Backward Thinkerss
Backward Thinkers
THE INSTINCT
Most of us fix what’s in front of us. The bad at-bat. The missed assignment. The pitch that got away. We zoom in, tighten up, and try to force the next moment to go right by gripping the current one harder.
It feels like focus. It feels like competitiveness. It rarely is.
What it actually is — in most cases — is reaction. We are responding to the last thing that happened instead of preparing for the next thing that matters. And the harder we grip, the smaller our thinking gets. The smaller our thinking gets, the worse we perform. It’s a loop most athletes and leaders know well, even if they can’t name it.
The best competitors break that loop. And they do it by doing something counterintuitive. They stop looking forward and start looking backward.
“The harder we grip, the smaller our thinking gets.”
WHAT STRIDER DOES
I read a recent New York Times piece on Braves pitcher Spencer Strider. He is one of the best pitchers in baseball, and what stood out wasn’t his velocity or his mechanics. It was how he manages his mind between pitches.
When Strider gets in trouble on the mound, he doesn’t zoom in. He steps outside himself and watches the moment in the third person — like he’s studying another pitcher, not drowning as his own. The noise quiets. The picture gets clearer. He stops reacting and starts deciding.
Then he does something even more interesting. He reverse-engineers.
He starts from the outcome he wants and works backward to what has to be true to reach it. Not “what’s wrong with my mechanics right now” — but “what does the result look like, and what needs to happen for me to get there?” He’s building the path from the destination back to the present, not stumbling forward hoping the path appears.
That is a different kind of thinking. That is a backward thinker.
WHAT JOBS KNEW
It reminded me of something Steve Jobs said at Stanford in 2005. Standing in front of graduates who were anxious about the future, he told them to stop trying to connect the dots forward.
“You can’t connect the dots looking forward. You can only connect them looking backward.” — Steve Jobs, Stanford 2005
We have always treated that as career advice. Trust the detours. Follow your curiosity. The dots will make sense eventually.
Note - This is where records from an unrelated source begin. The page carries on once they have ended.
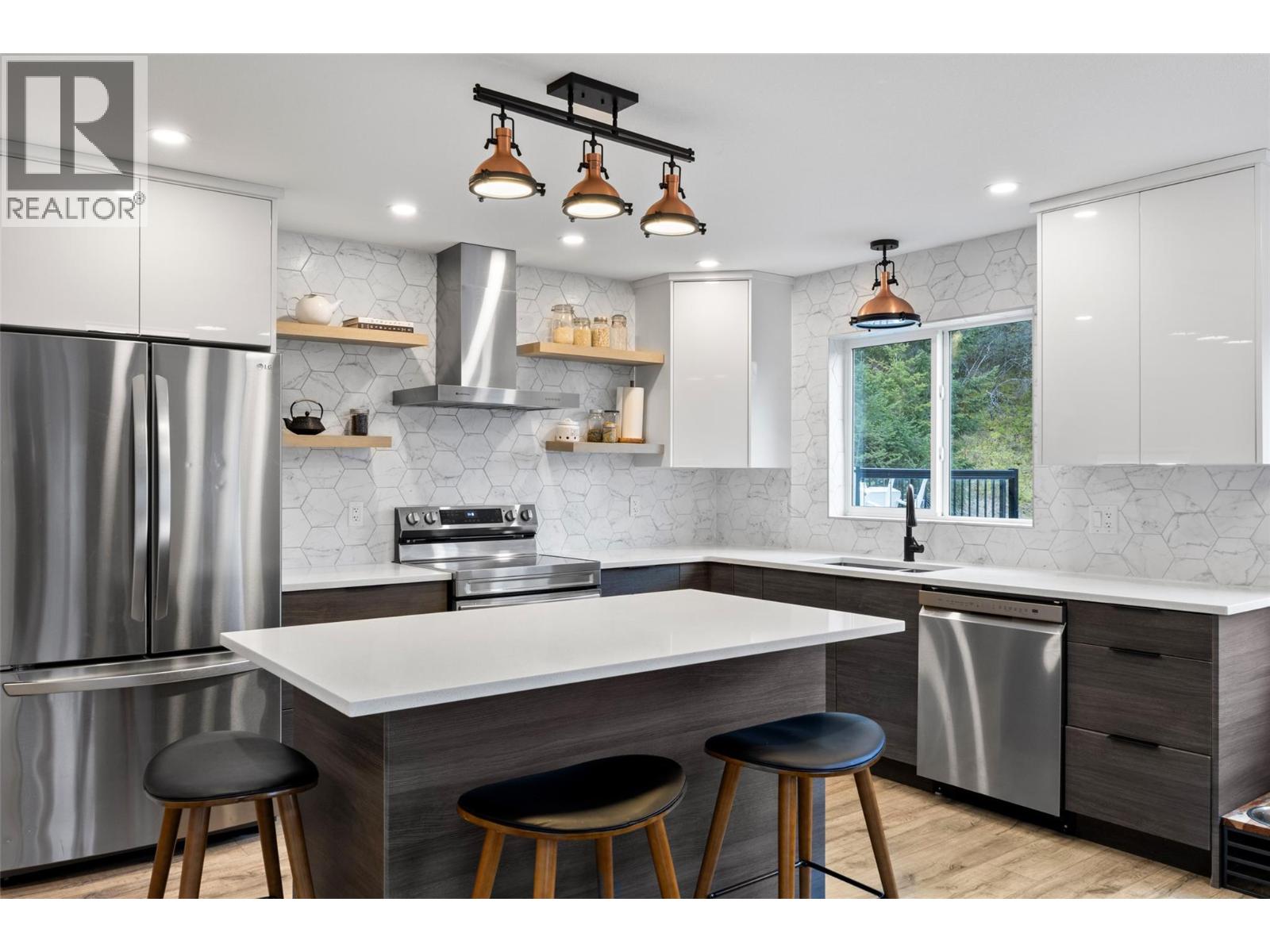 324 ORCHARD LAKE ROAD - 11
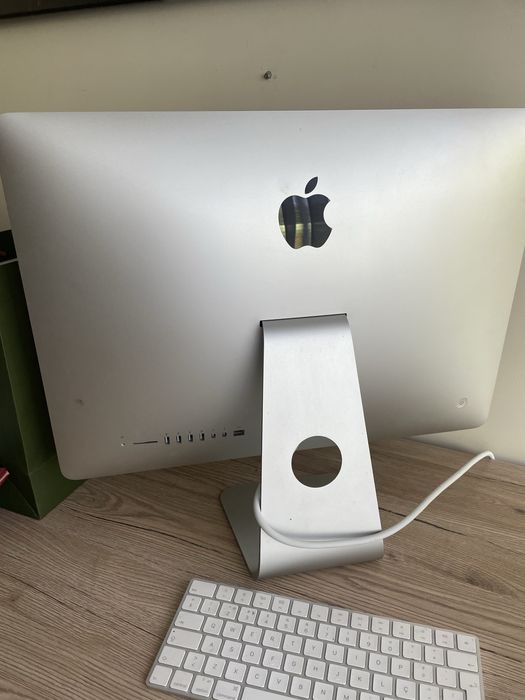 Vendo computador Mac usado com teclado e rato .. ofereço candeeiro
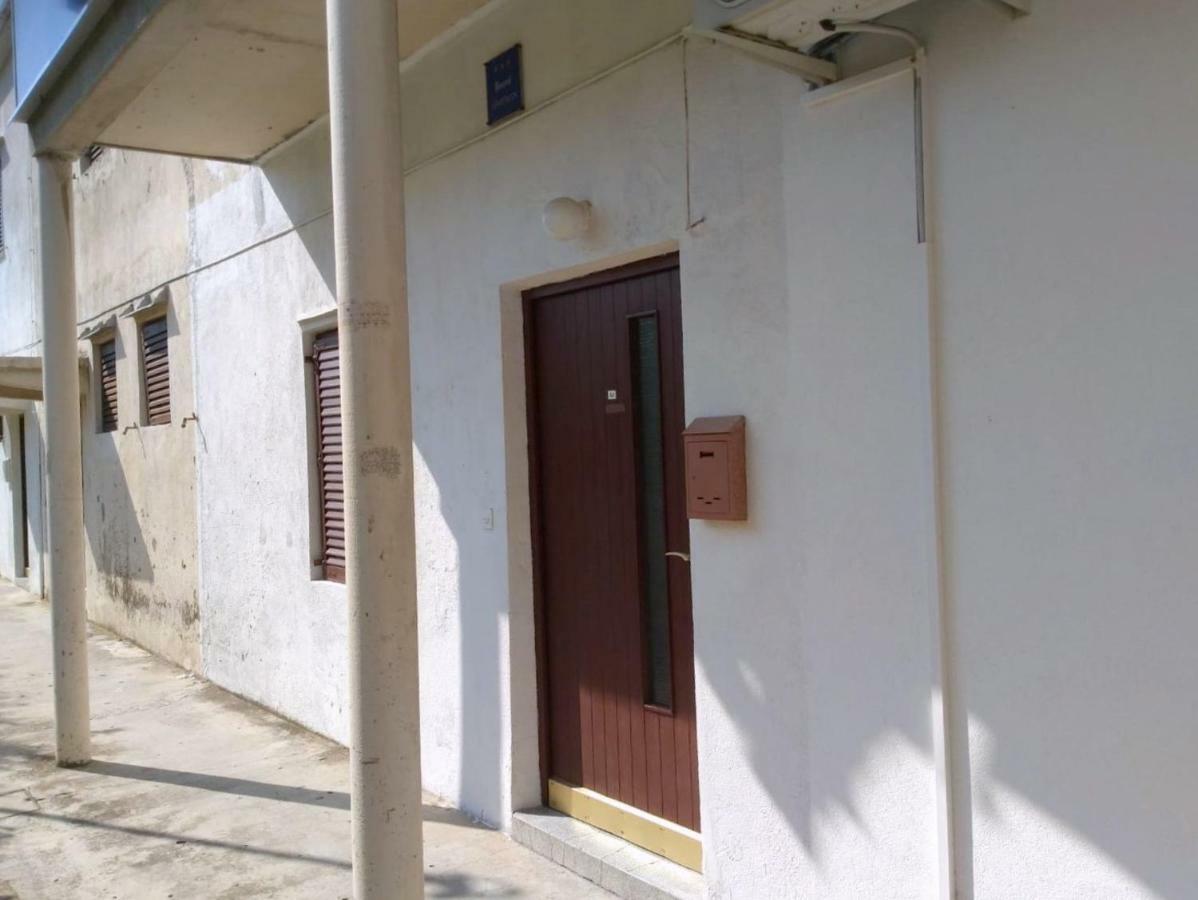 Apartment A1 Dugi Rat Exterior photo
But I think Jobs was also describing something deeper — a way of thinking the best performers use not just in life planning, but in the heat of competition.
Jobs wasn’t telling those graduates to be passive. He was telling them that clarity comes from looking at where you’ve been and where you want to go — not from staring at the chaos of the present moment and trying to will your way through it. Strider does that in real time. On the mound. Under pressure. That’s the difference.
WHY IT’S TRAINABLE
Here is what matters most: this isn’t a personality trait. It’s not something Strider was born with. It’s a skill. And like every mental skill, it can be taught, practiced, and built into how a team prepares.
The third-person perspective — stepping outside the moment to observe it — is what researchers call psychological distancing. Studies show it reduces emotional reactivity, improves decision-making under stress, and helps athletes perform more consistently in high-pressure situations. It is not a trick. It is a documented, trainable cognitive tool.
Reverse engineering is the same. When athletes and coaches rehearse outcomes — starting from what success looks like and building the steps backward — they wire their brains for clearer thinking when pressure is highest. Jobs trusted the dots would connect. Strider connects them on purpose. That is the evolution.
THE PRACTICE
Before the game, ask your athletes to reverse-engineer their performance. What does a great at-bat look like today? What does a confident first serve feel like? Start there. Then work backward to the preparation that makes it possible.
During competition, when things go sideways — and they will — give your athletes a reset cue: not “what just happened to me” but “what would I coach right now if I were watching this from the outside?” That single reframe changes everything.
After competition, connect the dots backward. What worked? Where did you trust yourself, and where did you grip too hard? The answers are already there. You just have to look backward to find them.
Leaders, coaches, athletes: the next moment doesn’t need to be forced. It needs to be built. Step outside it. Look back from where you want to be. Reverse-engineer the path. Then trust yourself to walk it. That’s how backward thinkers win.